• _Provided data_
□ □ □

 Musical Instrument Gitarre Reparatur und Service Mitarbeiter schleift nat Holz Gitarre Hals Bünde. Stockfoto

□ □ □

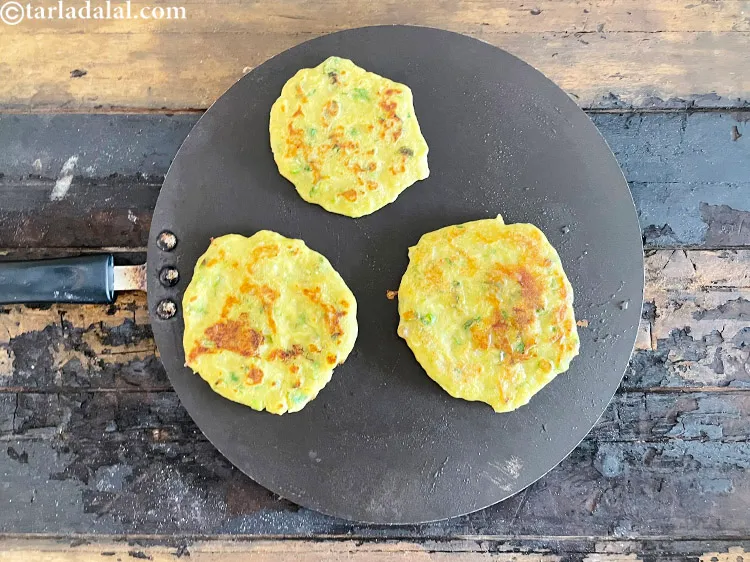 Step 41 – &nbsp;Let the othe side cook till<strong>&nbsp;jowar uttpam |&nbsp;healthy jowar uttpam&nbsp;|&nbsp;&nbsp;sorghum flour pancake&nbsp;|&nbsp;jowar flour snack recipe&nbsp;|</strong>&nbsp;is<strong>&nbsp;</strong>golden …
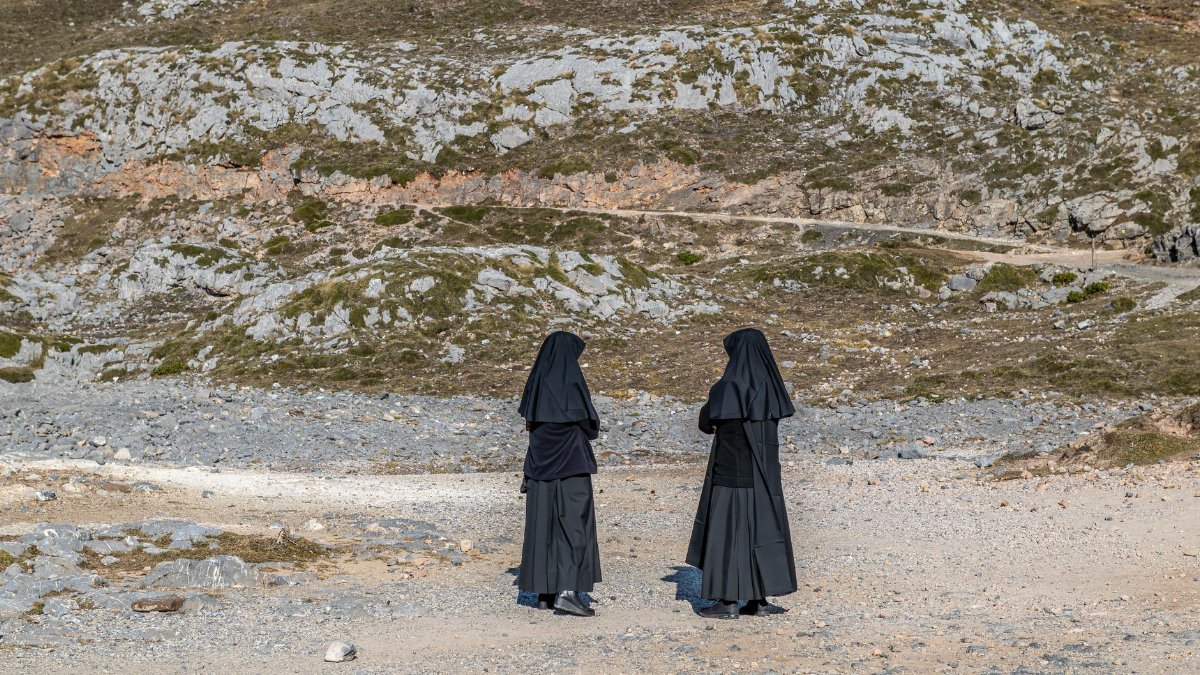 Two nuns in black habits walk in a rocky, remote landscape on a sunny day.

□ □ □

• _Try it_
In the data above, find the line containing "Step 41 – &nbsp;Let" and the line containing "Two nuns in". Copy exactly the stretch from the first through the second, both included, leaving out any picture.

• _Answer to this problem_
 Step 41 – &nbsp;Let the othe side cook till<strong>&nbsp;jowar uttpam |&nbsp;healthy jowar uttpam&nbsp;|&nbsp;&nbsp;sorghum flour pancake&nbsp;|&nbsp;jowar flour snack recipe&nbsp;|</strong>&nbsp;is<strong>&nbsp;</strong>golden …
 Two nuns in black habits walk in a rocky, remote landscape on a sunny day.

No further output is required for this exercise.